Le clan qui entoure le président cristallise aussi largement les blagues. A une pancarte arborant un « ce camembert pue moins que votre système », répond sur d’autres panneaux repris sur Twitter, le détournement du titre d’un célèbre film américain : « Catchir me if you can » ; en allusion à ce saucisson algérien présenté comme le symbole de la corruption du régime. Dans les manifestations de soutien de la diaspora, à Paris, ce même humour était à l’œuvre début mars, parodiant une célèbre marque de cigarette d’un laconique « Vous êtes mal barrés. Votre système nuit gravement à la santé ».
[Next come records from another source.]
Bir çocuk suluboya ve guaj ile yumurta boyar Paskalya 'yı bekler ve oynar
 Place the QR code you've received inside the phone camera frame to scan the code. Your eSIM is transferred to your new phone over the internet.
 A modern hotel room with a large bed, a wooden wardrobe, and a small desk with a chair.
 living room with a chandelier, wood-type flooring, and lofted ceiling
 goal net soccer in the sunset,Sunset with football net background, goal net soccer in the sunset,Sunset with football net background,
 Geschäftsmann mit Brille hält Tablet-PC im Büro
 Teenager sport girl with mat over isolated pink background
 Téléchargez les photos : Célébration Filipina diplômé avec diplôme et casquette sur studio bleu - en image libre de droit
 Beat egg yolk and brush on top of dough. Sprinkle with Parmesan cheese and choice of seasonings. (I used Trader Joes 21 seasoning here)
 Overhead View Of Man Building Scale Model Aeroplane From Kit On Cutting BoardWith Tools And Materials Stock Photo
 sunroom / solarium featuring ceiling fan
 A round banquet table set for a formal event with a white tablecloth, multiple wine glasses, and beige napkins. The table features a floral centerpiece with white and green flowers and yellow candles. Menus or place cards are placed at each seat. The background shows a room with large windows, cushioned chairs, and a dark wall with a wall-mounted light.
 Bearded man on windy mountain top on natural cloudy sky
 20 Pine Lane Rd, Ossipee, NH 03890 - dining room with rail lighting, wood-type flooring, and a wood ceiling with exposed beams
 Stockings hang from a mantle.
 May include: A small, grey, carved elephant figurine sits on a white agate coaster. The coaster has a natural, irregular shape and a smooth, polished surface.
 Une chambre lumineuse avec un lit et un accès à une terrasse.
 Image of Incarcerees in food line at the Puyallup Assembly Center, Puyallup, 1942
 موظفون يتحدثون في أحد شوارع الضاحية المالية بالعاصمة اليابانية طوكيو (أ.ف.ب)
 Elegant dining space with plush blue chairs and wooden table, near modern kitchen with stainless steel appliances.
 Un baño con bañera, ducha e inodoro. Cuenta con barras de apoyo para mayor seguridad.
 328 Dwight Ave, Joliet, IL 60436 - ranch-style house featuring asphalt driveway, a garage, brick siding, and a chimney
« En Algérie, l’humour a toujours été utilisé pour taquiner le pouvoir, en particulier dans les moments difficiles. Il a pris différentes formes au cours des dernières décennies et s’est adapté au contexte », explique l’historienne Elizabeth Perego, qui publie prochainement un ouvrage sur le sujet. Pour elle, « l’humour est un sport national », une forme de résistance, tant face aux gouvernants qu’au quotidien. Durant la colonisation et la guerre d’indépendance, l’autodérision était utilisée pour éviter la censure. Rire de soi était un moyen détourné de critiquer le colon et avec le temps, l’humour, s’est débarrassé de sa pudeur, devenant plus direct, plus frontal.

 

 « Le président Chadli Bendjedid [1979-1992] a été la cible par excellence des blagues populaires, observe l’historienne. Il était en permanence moqué et comparé à son prédécesseur, Boumédiène. » Lors des grandes manifestations d’octobre 1988, pour moquer sa prétendue incompétence, les manifestants scandaient : « Djazaïr biladuna, Chadli himaruna » (« Algérie notre pays, Chadli notre âne »). Et suite à cela, une certaine ouverture démocratique a permis « aux caricaturistes d’utiliser leur stylo pour ridiculiser les présidents et les caciques du régime », estime Mme Perego.

Canular téléphonique

Depuis le 22 février, en tout cas, les contestataires ont encore franchi un cap dans le maniement de ce que Bachir Dahak (auteur des Algériens : le Rire et la Politique de 1962 à nos jours), estime lui aussi être « une partie du patrimoine culturel algérien ».

Et quand l’afficher en slogans ne suffit plus, l’humour devient action, comme en témoigne cet épisode où un internaute a appelé le standard de l’hôpital genevois où le chef de l’Etat est resté du 24 février au 10 mars. « Mon livreur est coincé au huitième étage. Là-haut, ils ont commandé une cinquième pizza. Mais ils doivent payer les quatre autres, sinon il n’y aura pas de cinquième pizza ! », a-t-il plaisanté pour rappeler le mécontentement du peuple algérien s’estimant spolié par le régime.